Oleksandr Palii, A History of Ukraine, 13.01.2018
Grand Prince Mstyslav (ruled in Kyiv in 1125–1132), the eldest son of Volodymyr II Monomakh, was called “the Great” by his contemporaries for his authority both inside the country and internationally. His mother was Gytha, an English princess, the daughter of Harold, the last Anglo-Saxon king of England. Mstyslav subdued attempts to secede in Kyiv-controlled lands and strengthened Kyiv’s standing as a capital. Mstyslav’s descendants maintained control over Ukraine until the 16th and the 17th centuries.
Vyshgorod (Volodymyr) Theotokos icon, brought from Byzantium under Mstyslav I Volodymyrovych, stolen from Vyshgorod and taken to Zalesye, now in Moscow
Later, Grand Prince Yaropolk II, the fourth son of Volodymyr II Monomakh and Gytha, ruled in Kyiv in 1132–1139; and Grand Prince Vsevolod II, son of prince Oleg, and a grand-son of Grand Prince (1073–1076) Sviatoslav II the Usurpator, seized the power and ruled in Kyiv in 1139–1146.
Grand Prince Iziaslav (on the main picture; ruled in Kyiv in 1146–1154) was the second son of Mstyslav the Great and the Norwegian princess Christina. His main opponent was his uncle Yuri Dolgorukiy (Yuriy the Long-Armed), son of Volodymyr II Monomakh and his second wife Eufimia from Byzantium, prince of Suzdal (Zalesye, now Muscovy), located on the northeastern outskirts of the Kyivan state. He received his sobriquet for his unusually long arms.

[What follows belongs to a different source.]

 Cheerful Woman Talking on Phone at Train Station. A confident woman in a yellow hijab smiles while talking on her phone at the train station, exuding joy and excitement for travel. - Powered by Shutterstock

The hilt of a sword, Zaporizhia Oblast
Yuri Dolgorukiy was extremely unpopular in Kyiv for cooperating with the Cumans, the main enemy of Rus’, and for being married to the daughter of the Cuman Khan Ayepa. This was the reason why he was thrown out of Kyiv three times by the younger Iziaslav Mstyslavych.
Yuri Dolgorukiy constantly sought to return to Kyiv and preferred playing second fiddle in the capital to ruling in Zalesye. Moscow was mentioned as a village in Zalesye at that time.

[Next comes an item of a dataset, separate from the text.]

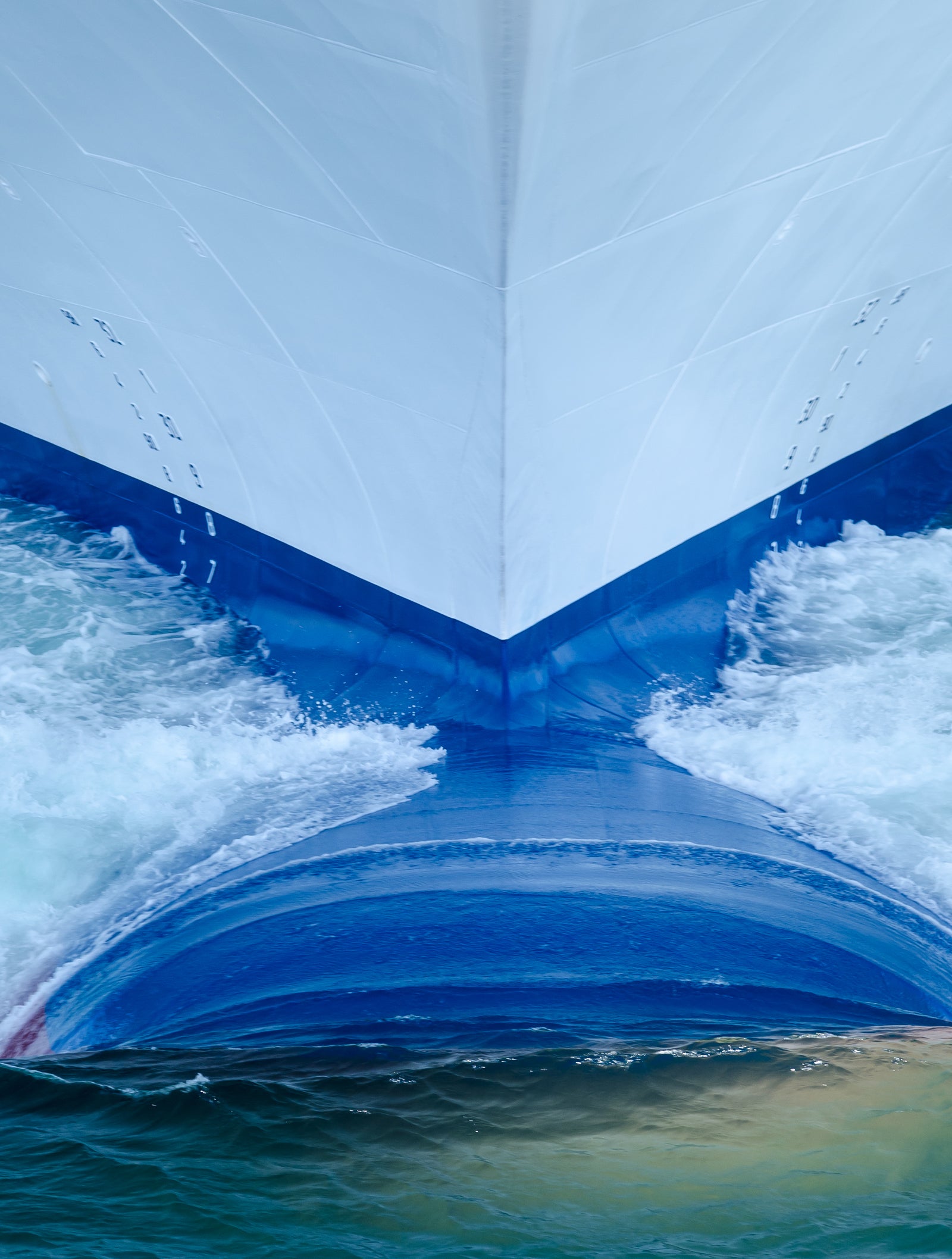 Fincantieri | Group - Business - Products - Cruise Ships - Carnival Breeze: Close-up of Carnival Breeze cruise ship bow in operation cutting through ocean, dynamic waves and foam, modern design with vivid blue accents, captures energy and movement of maritime travel, light reflections on water surface.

In order to assert his rights, Iziaslav invited his uncle Viacheslav, a son of Volodymyr II Monomakh, as a co-ruler to Kyiv, because Viacheslav was older than Yuri Dolgorukiy.
In 1151, Yuri Dolgorukiy attempted to cross the Dnipro to bring the capital under his control. This led to one of the biggest “river” battles in history. From the mouth of the Desna River and all the way to the modern River-Boat Station in Kyiv, the river was covered with armored ships and boats.

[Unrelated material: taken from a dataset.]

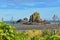 Cliffs and rock formations along black sand Whatipu Beach in Huia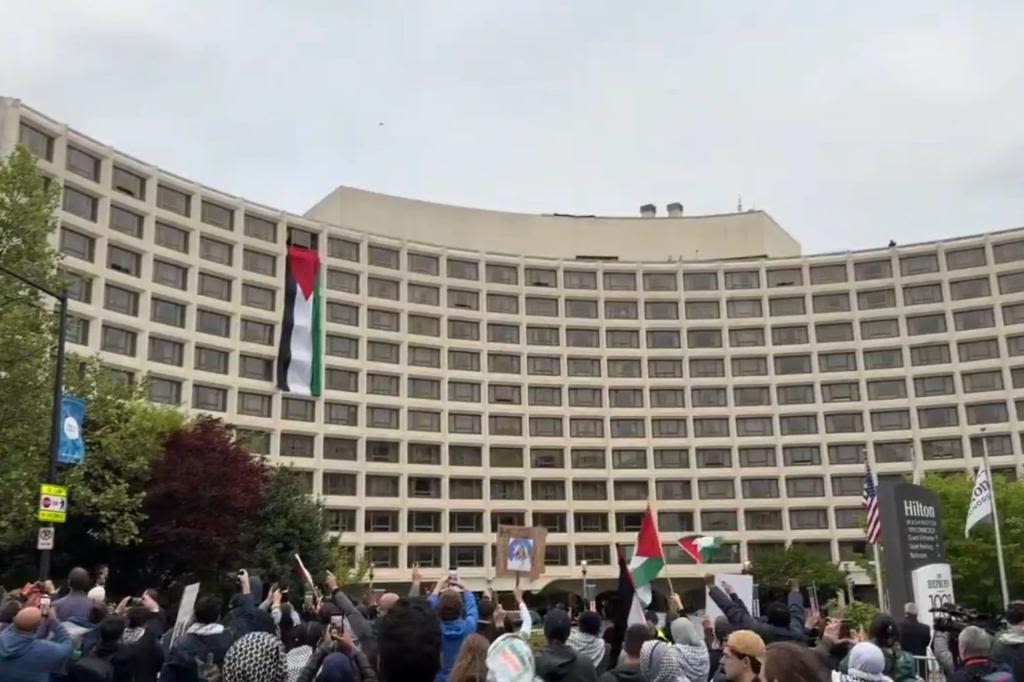 Anti-Israel protesters drape massive Palestinian flag over side of DC Hilton hosting White House Correspondents Dinner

Iziaslav organized the large-scale defense of Kyiv, the biggest one in its medieval history. Perimeter defenses with ramparts stretched for 10 kilometers. Yuri Dolgorukiy’s army was defeated on the banks of the Lybid' River. His ally, the Cuman Khan Svench Boniakovych, was killed. Yuri Dolgorukiy’s remaining warriors were finally defeated, taken into captivity or drowned in the Rutets River in the area known as Perepetove Pole.
An attack of Cumans, miniature from a chronicle
In 1152, Yuri Dolgorukiy gathered Murom and Ryazan regiments and the Cuman cavalry and launched another attack on Kyiv. However, as soon as they heard about Iziaslav’s approaching troops, the Cumans left Yuri Dolgorukiy and later he himself fled.
In the difficult struggle with Yuri Dolgorukiy, Iziaslav Mstyslavych established full control over the entire territory from the Arctic Ocean to the Black Sea. Nearly all of the lands in this vast area were ruled by his sons or vassals. It was only after the death of Iziaslav that Yuri Dolgorukiy managed to briefly seize (1155-1157) the throne in Kyiv.